I'm having issues with the Instinct reading lower elevation than it should, which results in considerably lower elevation gains than what you should be seeing. One might be tempted to blame this on sweat, poor weather conditions and what not, but that's actually not the case. I'm noticing this on a very short ride (roughly 11km). Start and finish elevation are typically within 5m of each other (which is IMHO fairly accurate). I've had three different devices prior to this one (cycling computers)

After looking more closely at the graphs, I've noticed that the Instinct just plain out ignores certain elevation gains, and instead chooses to think I'm riding a flat profile. It does so very consistently and given that the starting and ending point read the same elevation, I'm inclined to believe this is a sofware issue. Naturally, the watch mode is set to altimeter. 

So my question is whether this is a known issue and whether I can expect a fix. Difference of 40m in 11km is pretty big in my opinion. 
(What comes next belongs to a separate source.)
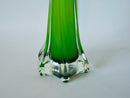 Grand Vase En Opaline Vert Et Blanc - Années 70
  • I have had the same issue I have had the Instinct for just over 6 months and at the start the elevation was pretty good matched around my riding buddies elevation so was pretty happy with it. But about 2-3 months ago the device now starts to short change me on the elevation on my MTB rides sometimes 100-800ft short depending on the length of ride and some rides have done many times so know the total elevation amount. The only thing different is that I started do swimming as had an injury and not sure if that had anything to do with it. I have updated the firmware washed and cleaned it many times but still comes up short on elevation so relying on Strava's corrections to get the elevation. If anybody else knows on how to cure this or is it deemed to be going to be like this for ever?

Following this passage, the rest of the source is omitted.